EXERCISE DIRECTIONS>
Gather all lines in the entries that include the word "Glass".

RECORD EXCERPTS>
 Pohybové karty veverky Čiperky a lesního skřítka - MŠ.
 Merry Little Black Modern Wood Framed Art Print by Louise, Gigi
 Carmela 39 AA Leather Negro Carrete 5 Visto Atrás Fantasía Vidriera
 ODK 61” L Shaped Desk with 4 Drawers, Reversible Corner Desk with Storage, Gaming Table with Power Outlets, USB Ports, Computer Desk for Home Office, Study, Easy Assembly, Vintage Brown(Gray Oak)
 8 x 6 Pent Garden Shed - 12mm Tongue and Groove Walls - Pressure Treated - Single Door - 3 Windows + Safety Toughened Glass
* * *
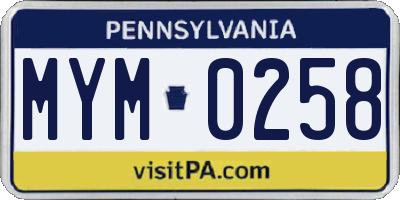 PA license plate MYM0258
---
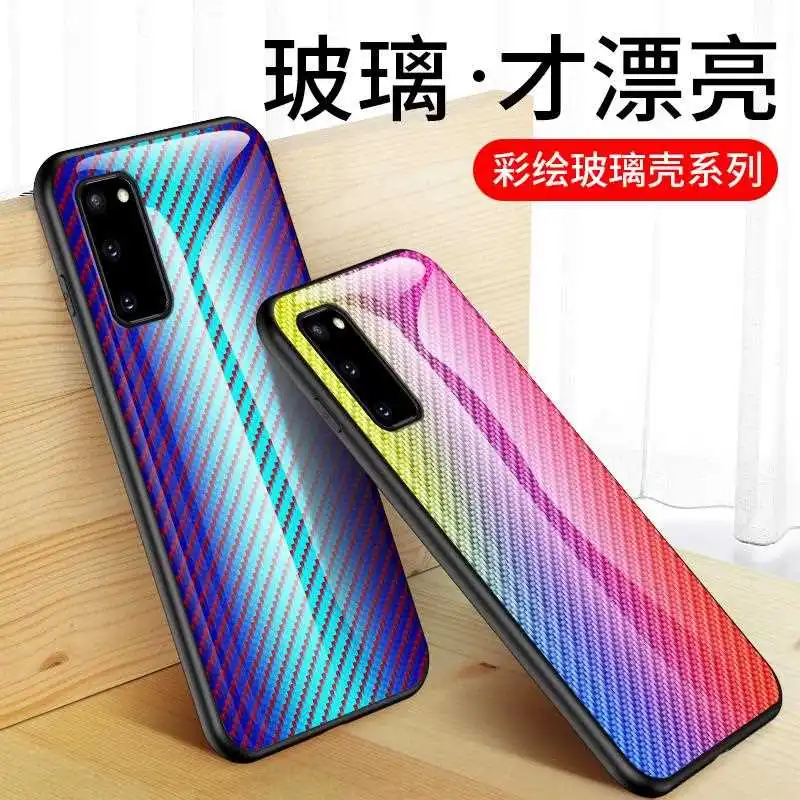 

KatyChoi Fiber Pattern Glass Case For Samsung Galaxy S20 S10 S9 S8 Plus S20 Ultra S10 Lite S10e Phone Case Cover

TASK OUTPUT>
 8 x 6 Pent Garden Shed - 12mm Tongue and Groove Walls - Pressure Treated - Single Door - 3 Windows + Safety Toughened Glass
KatyChoi Fiber Pattern Glass Case For Samsung Galaxy S20 S10 S9 S8 Plus S20 Ultra S10 Lite S10e Phone Case Cover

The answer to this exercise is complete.